L’édition 2025 du rapport Planetary Health Check est sortie en septembre 2025. C’est le deuxième ouvrage du projet Planetary Boundaries Science (PBScience) lancé en 2023 qui évalue l’état de santé de notre planète. À partir des plus récentes données scientifiques et de modèles de simulations avancés, le rapport illustre notre position sur les 9 limites planétaires identifiées. Introduites en 2009 par un groupe de 28 scientifiques du Stockholm Resilience Centre, elles correspondent aux processus naturels qui régulent la stabilité, la résilience et les fonctions vitales de notre planète, « comme un bilan sanguin pour le corps humain. », aiment à comparer les auteurs du rapport.
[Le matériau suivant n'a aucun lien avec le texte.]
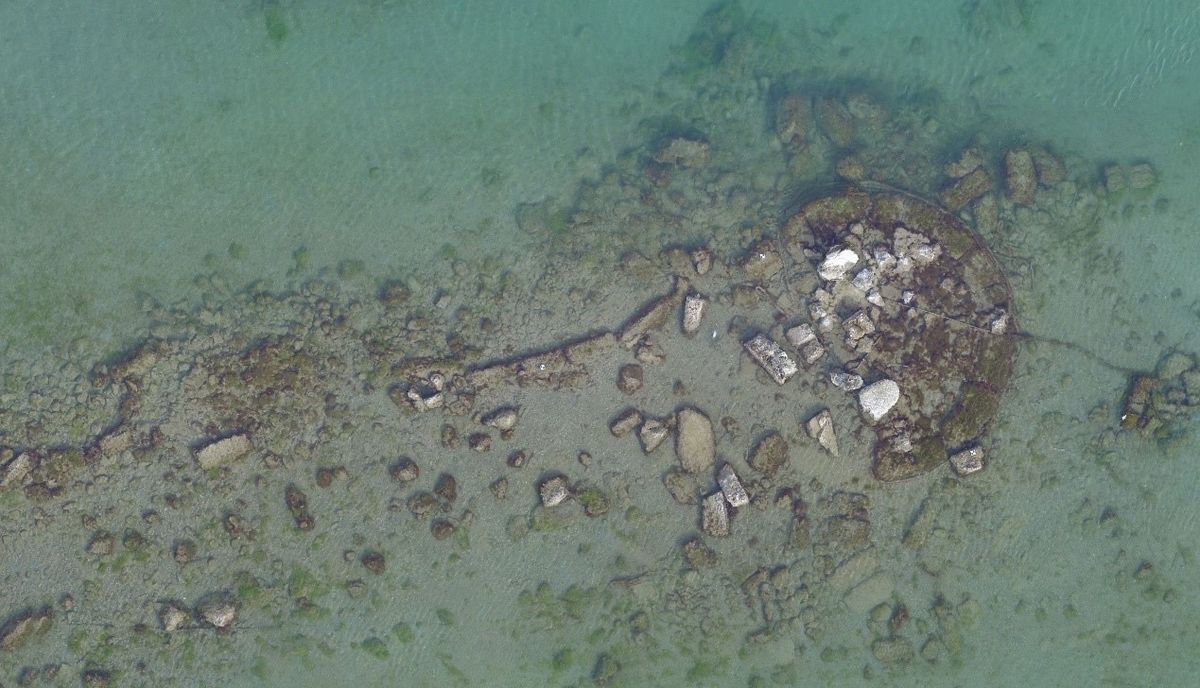 At the end of the jetty there was a round tower, which would have been part of the fortified harbor during the Battle of Salamis.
Les limites planétaires sont les suivantes : l’état de la couche d’ozone stratosphérique, le niveau de charge atmosphérique en aérosols, l’acidification des océans, les changements affectant l’eau douce, les changements sur le système terrestre, le changement climatique, la modification des flux biogéochimiques, l’introduction de nouvelles entités et le changement dans l’intégrité de la biosphère. Depuis des décennies, les activités humaines ont profondément affecté l’intégrité et la résilience de la planète, en témoigne un dépassement en 2025 de sept limites planétaires sur neuf.
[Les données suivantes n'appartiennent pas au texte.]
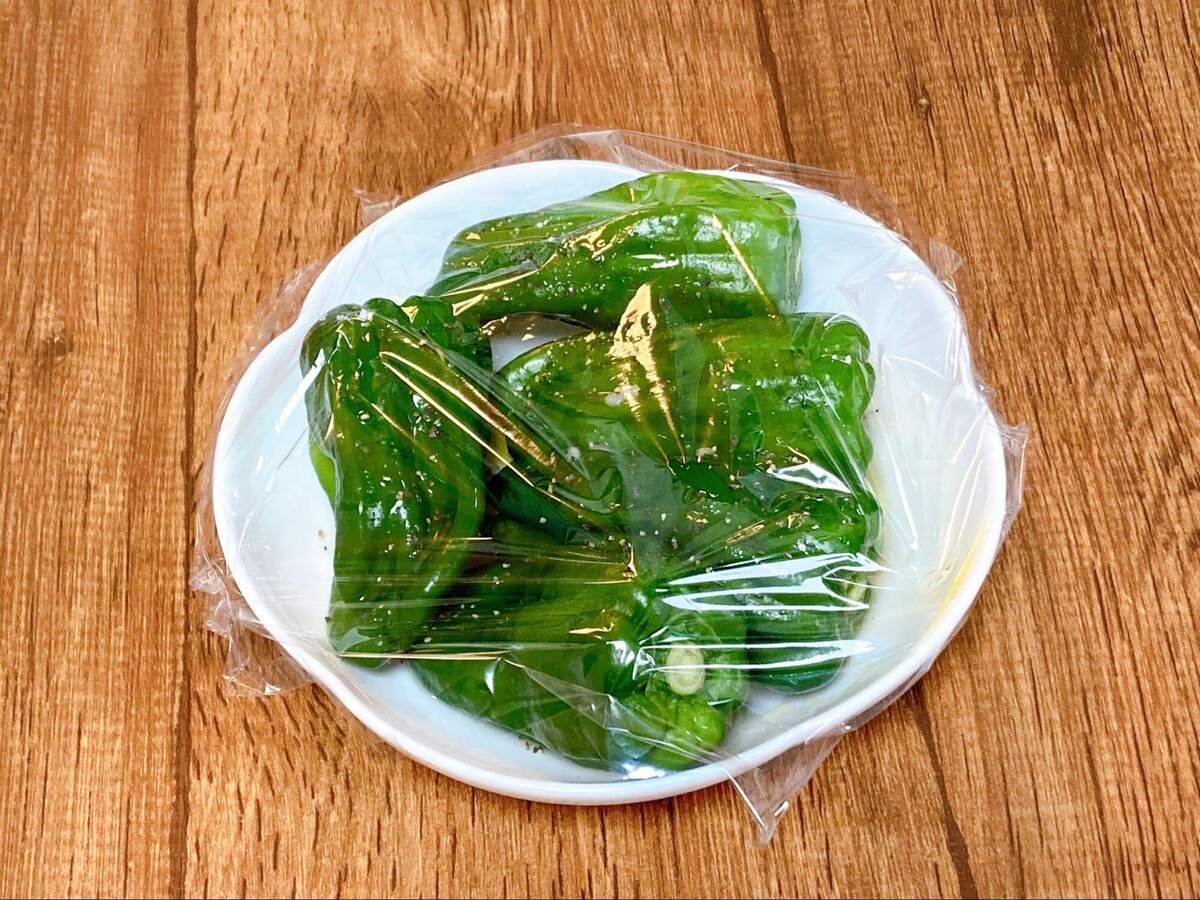 日本ハム公式「シャウエッセンとピーマンの簡単レンジ煮」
L’acidification des océans

Pour la première fois en 2025, la limite concernant l’acidification des océans a été franchie. Celle-ci est calculée à partir du taux de saturation en aragonite, un élément que les organismes marins utilisent pour produire leurs coquilles et/ou squelettes. À cause des émissions de gaz à effet de serre, en particulier du CO2, une cascade de réactions chimiques s’opère. Davantage d’acide carbonique se forme dans l’océan, ce qui réduit le potentiel hydrogène (pH). Cela a pour conséquence de limiter la quantité de carbonate pour la faune marine (coquillages, coraux, mollusques, planctons). Ce taux est évalué à 2,84 Ωarag contre une limite fixée à 2,86 Ωarag. « Les organismes marins sont de plus en plus menacés, avec des signes de dommages à leurs coquilles. », commentent les scientifiques.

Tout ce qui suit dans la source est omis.